## Requirement
Among the entries below, find the line with "N.Peal Men's Fur" and the line with "The Comanche Chief". Return exactly those lines and every line between them, but no pictures.

*** Extracted material Section Begins ***

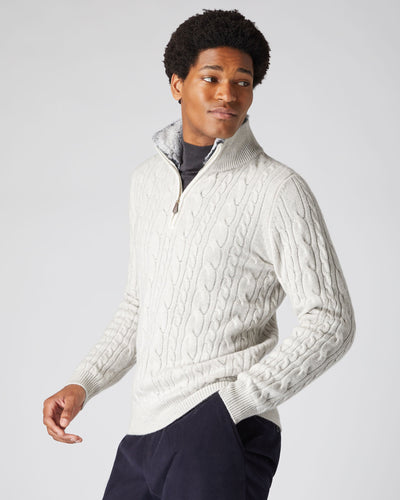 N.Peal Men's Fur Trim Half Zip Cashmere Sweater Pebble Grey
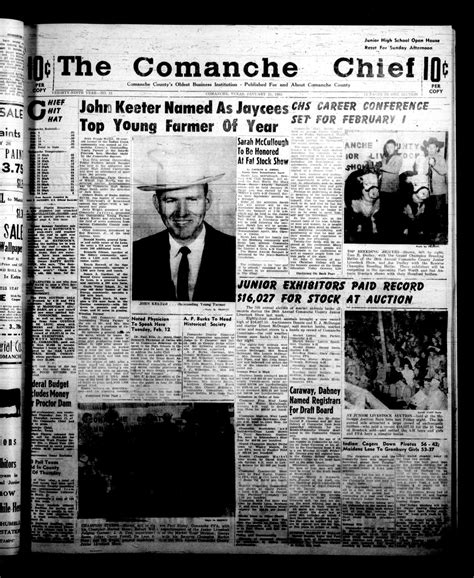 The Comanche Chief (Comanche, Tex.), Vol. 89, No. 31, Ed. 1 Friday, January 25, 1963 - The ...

*** Extracted material Section Ends ***
*** Extracted material Section Begins ***

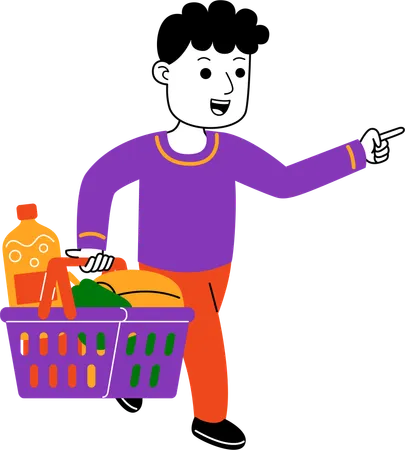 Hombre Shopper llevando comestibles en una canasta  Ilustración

*** Extracted material Section Ends ***
*** Extracted material Section Begins ***

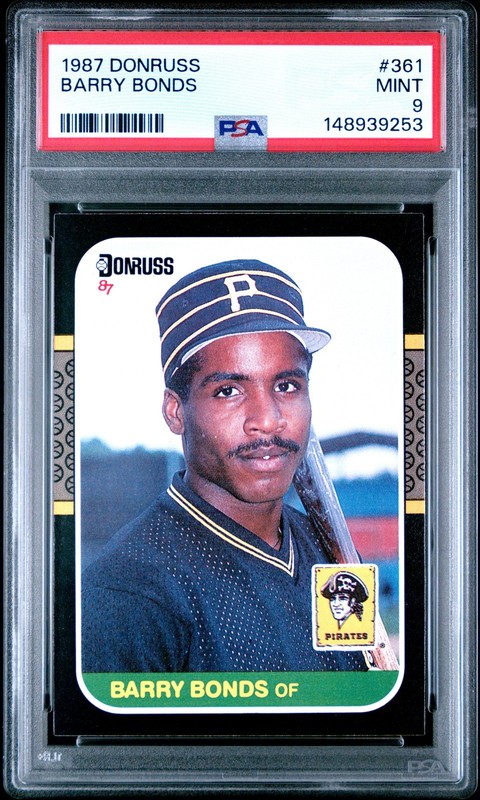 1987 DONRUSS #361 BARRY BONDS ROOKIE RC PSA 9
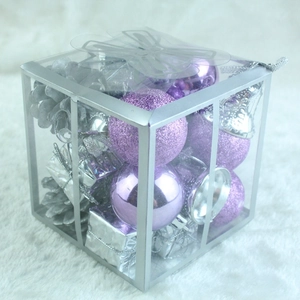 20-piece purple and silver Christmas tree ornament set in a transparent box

*** Extracted material Section Ends ***

## Problem solution
 N.Peal Men's Fur Trim Half Zip Cashmere Sweater Pebble Grey
 The Comanche Chief (Comanche, Tex.), Vol. 89, No. 31, Ed. 1 Friday, January 25, 1963 - The ...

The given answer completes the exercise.